To accept the things I cannot change is to not become some monster, feeding off of these placebo validations that “I may still have a chance” or more so “I still have control”. I will never discredit the value of cracked ribs and broken thises and thats, no. Please, wear them as great medals of valor and zeal. But I don’t wish to wander through space, grasping for another light, so sure this next wayward star will be different.
About this time last year I learned what it was to unknowingly be made to play the role of “the other person”. I then understood an empathy from this, in knowing what that look was I’ve seen in the eyes of so many I’ve been blessed with the opportunity to care about. They stand, processing the blow of knowing that they are “someone else”, when all they’ve yearned for is to have the place in my heart that I do in theirs. The eye’s of accepting that won’t happen.
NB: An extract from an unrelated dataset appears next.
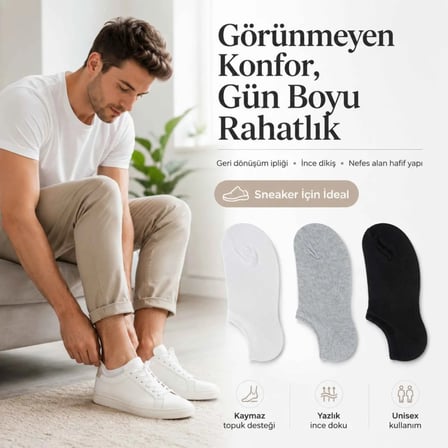 Wak Erkek Geri Dönüşüm İplikli 6’lı Görünmez Sneaker Çorap, İnce Dikişli, Nefes Alan Yazlık Babet Çorabı, Kaymaz Topuklu Siyah Gri Beyaz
That place in my heart is filled with charcoal dust and jars of paint, only existing at the tip of a brush. I’ve seen how my body of work reacts to being made the mistress, and I cannot be that me anymore. I can’t see me right if not through these works. I still haven’t figured out if that’s vanity yet, or if I would care if it were; but I cant love someone either, not if that’s where it comes from as I’ve seen. I can’t say that I do and have them play that role. I can’t tell someone that they have my heart as I learn that never has it pounded more lovingly than when diving into this process.

I obviously have not yet learned a balance… but the conflict has become if I even care to.